When we got to Berlin and had to choose venues to use, we looked through all the venues that have been used for the Berlin Biennale since its first iteration, in 1998, and one by one we were told, “Now that’s a spa, that’s a hotel, that’s a gym, that’s a bank.” Every abandoned building here is available for event rentals—this had a profound influence on our relationship to the spaces we looked at, and ultimately to the themes and work in the show. In all of the venues, there’s a dichotomy between the hyperpersonal and the globally complex, from privatized public spaces, like the ESMT, a business school housed in the former and perfectly intact GDR State Council Building—which will host projects by GCC, Simon Denny, and Katja Novitskova, all of whose work addresses capitalist business, state ideology, and their aesthetic manifestations—to the residential. The KW Institute, for example, is in Mitte, a neighborhood of permalancers and Airbnb. It’s a domain that was once circumscribed as personal and residential and is now a gray zone of public/private profit.

We were drawn to the aesthetics of transparency and glass facades, with their blatant visual similarity to airports and shopping malls, because of the paradox of transparency as architecture or ethic. This feeling of private spaces with public faces has been really important—our central venue, Akademie der Kunste in Pariser Platz, is surrounded by the US, French, and British embassies, the DZ and Commerz banks, and Lockheed Martin, among other buildings.

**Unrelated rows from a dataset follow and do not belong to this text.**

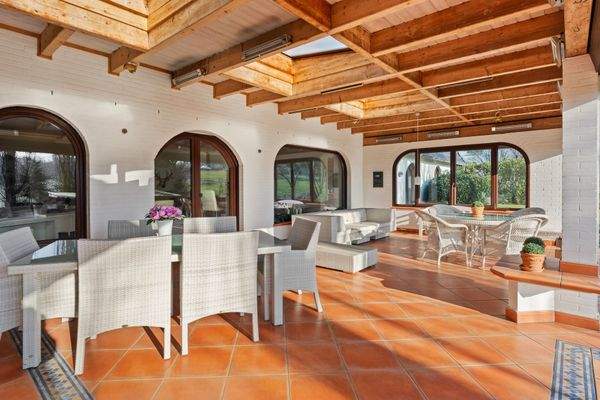 62,13 m² große Süd-West Terrasse mit Traumblick 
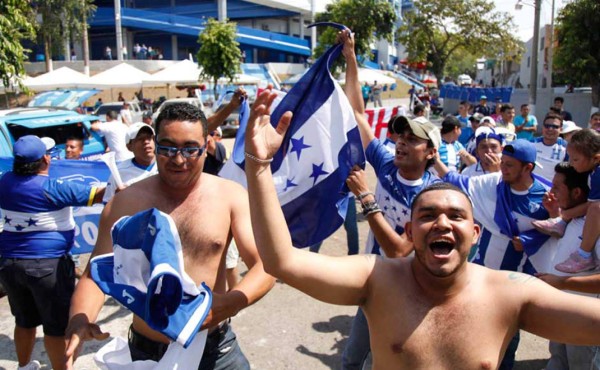 Minuto a minuto: Catrachos llegan al Cuscatlán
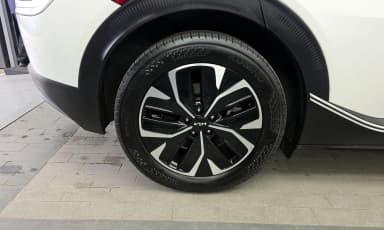 EV6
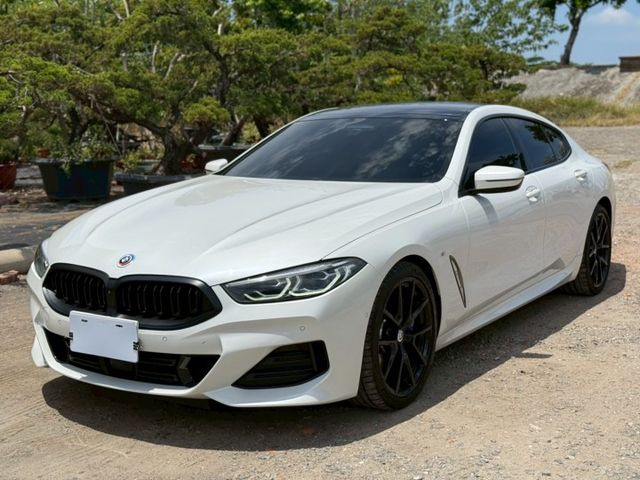 原版件 50周年紀念車標 360環景 4區恆溫 電吸門 12.3吋螢幕 B&W鑽石音響 無線充電 抬顯 水晶中控  第1張相片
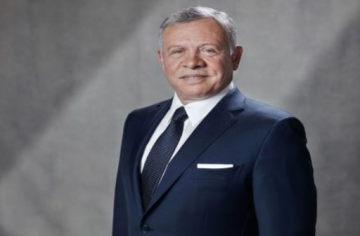 الملك يتلقى رسالة جوابية من رئيس هيئة الأركان المشتركة الملك يتلقى رسالة جوابية من رئيس هيئة الأركان المشتركة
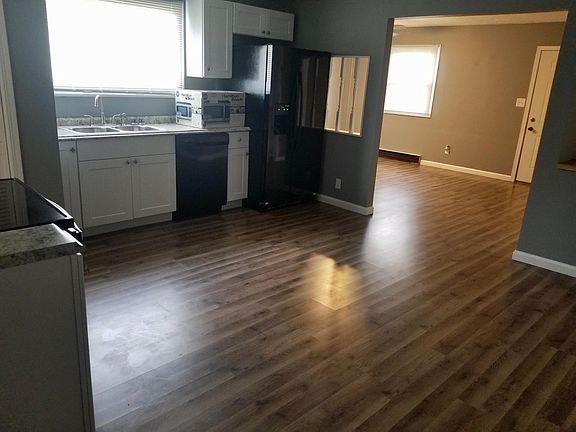 5th image of 918 1/2 N Bentley St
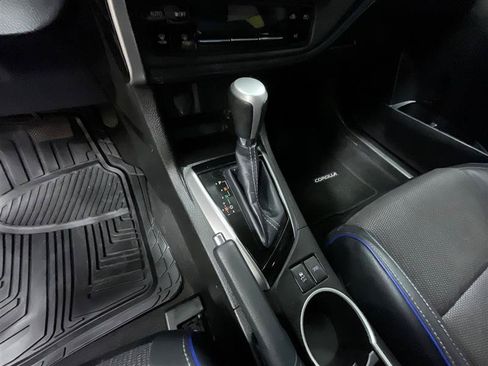 Used 2019 Toyota Corolla SE FWD image 15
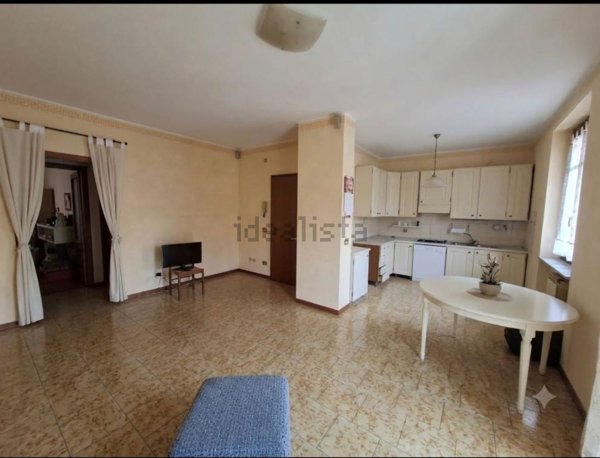 appartamento in vendita a Cadeo in zona Roveleto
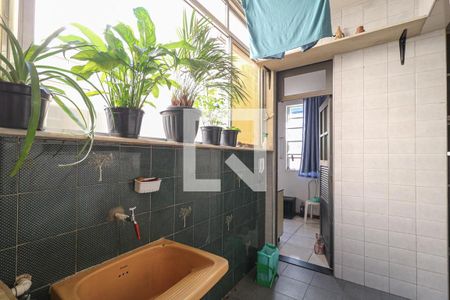 Apartamento à venda com 107m², 3 quartos e 1 vagaÁrea de Serviço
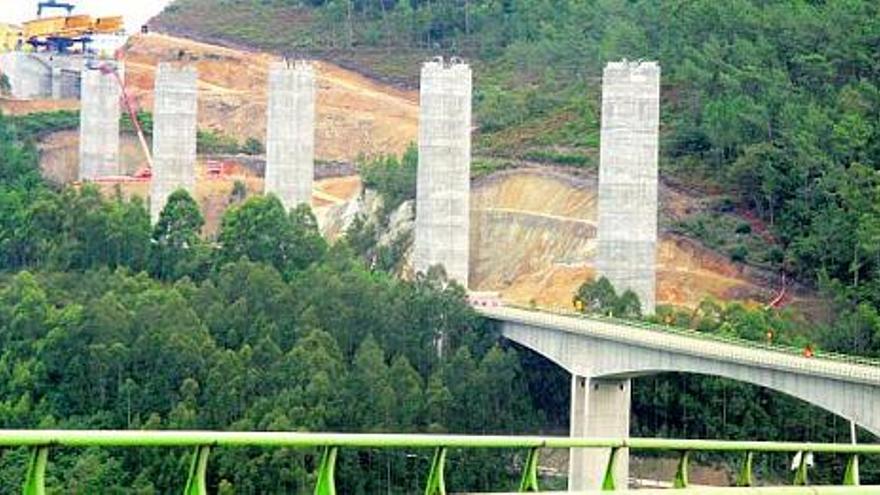 Los cinco pilares del futuro viaducto de Artedo que ya están levantados.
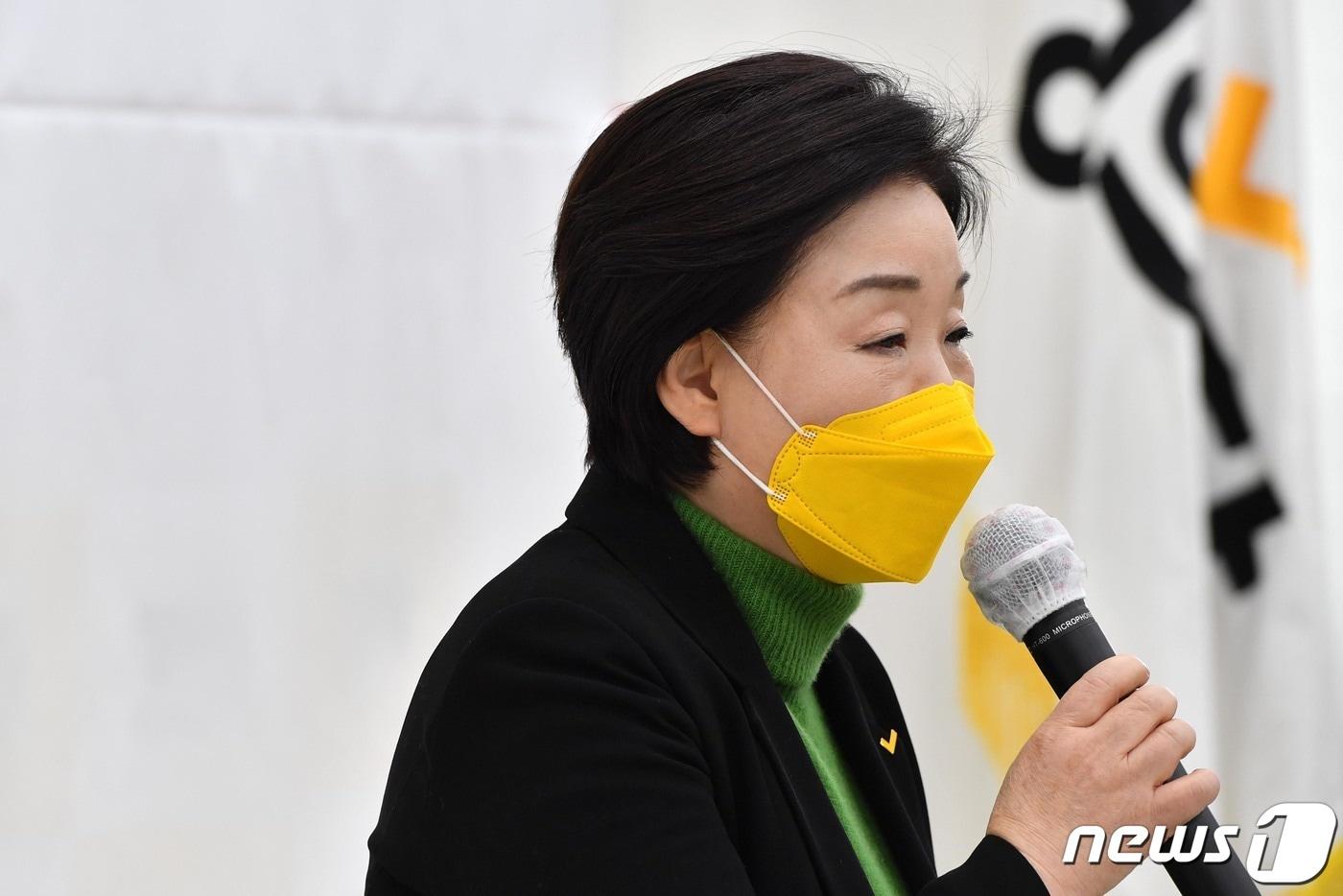 심상정 정의당 대선 후보가 17일 서울 여의도 국회에서 대국민 기자회견을 하고 있다. 지난 12일부터 모든 일정을 중단한 채 칩거를 이어왔던 심 후보는 이날 공식 일정을 재개하며 "저 심상정은 결코 여기서 멈춰서지 않겠다. 이번 대선에서 국민들께 심상정과 정의당의 재신임을 구하겠다＂고 밝혔다. 2022.1.17/뉴스1 ⓒ News1 이동해 기자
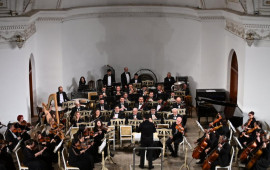 Filarmoniyanın səhnəsində musiqisevərlər &uuml;&ccedil;&uuml;n klassik konsert proqramı təqdim olundu &ndash;
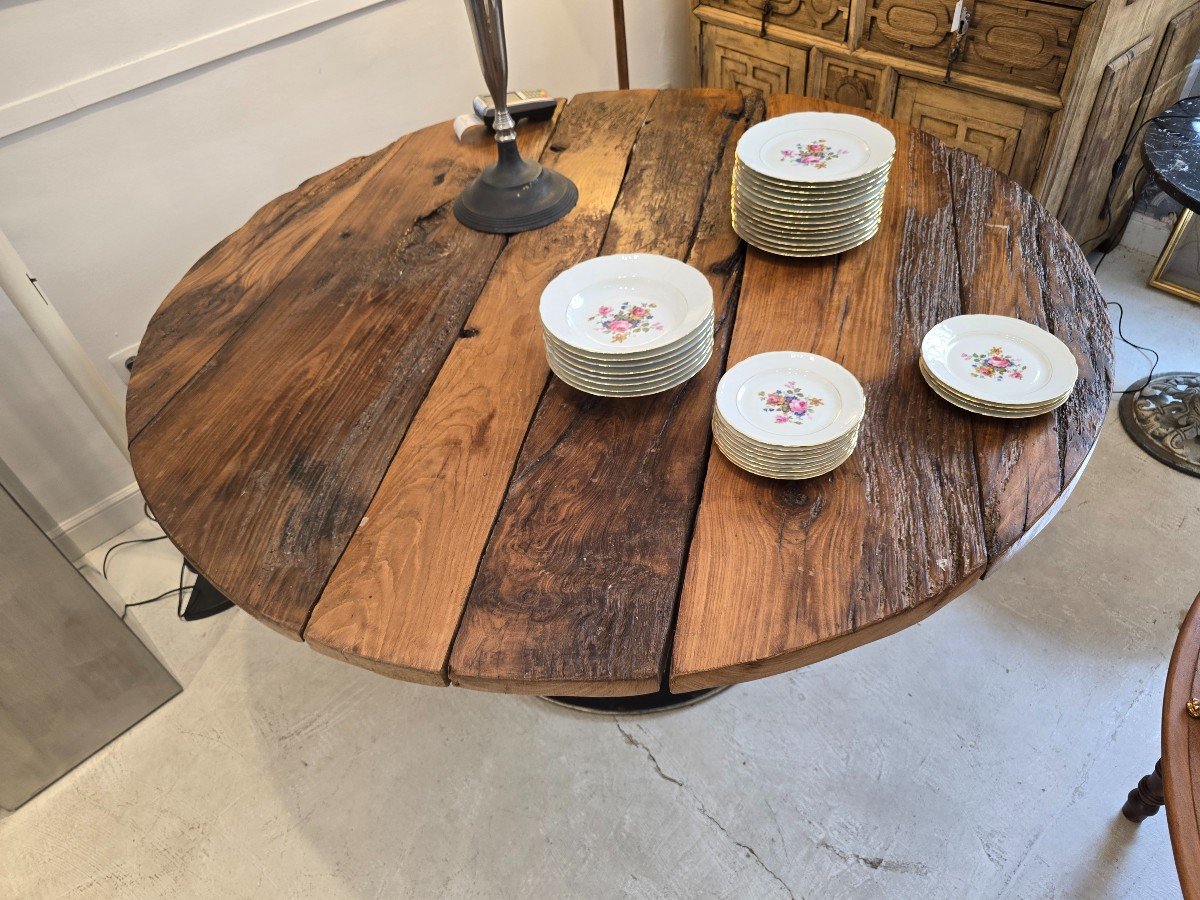 Ajoutez Une Touche Vintage Chic à Votre Espace Avec Notre Magnifique Table En Bois De Style Ind-photo-2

But the Akademie and the Starbucks are the only two buildings the public is able to enter around there, which is a hard-core tourist zone. The biennial will be infiltrating the Akademie’s passageways and event rooms. These glass spaces emulate the surrounding corporate buildings, and they are actually rented out regularly for corporate and government events. We’re trying to make people forget they’re in a biennial—most of the installations there don’t initially connote art and many have adopted commercial formats. For instance, Christopher Kulendran Thomas has created an experience suite for his start-up New Eelam, which imagines the future of citizenship in an age of technologically accelerated dislocation by charting an alternative trajectory for Sri Lanka’s recent history. Trevor Paglen and Jacob Appelbaum’s Autonomy Cube is a usable sculpture that turns the space where it is installed into an open wireless Tor network, an anonymous relay router for Internet traffic, revealing the usually invisible mechanisms behind digital surveillance and how they can be eschewed. It’s especially relevant because this piece is directly across the street from the French embassy, at a moment when TOR has been particularly contentious in France.

The surreal used to be the domain of the future—but today it more accurately describes the present.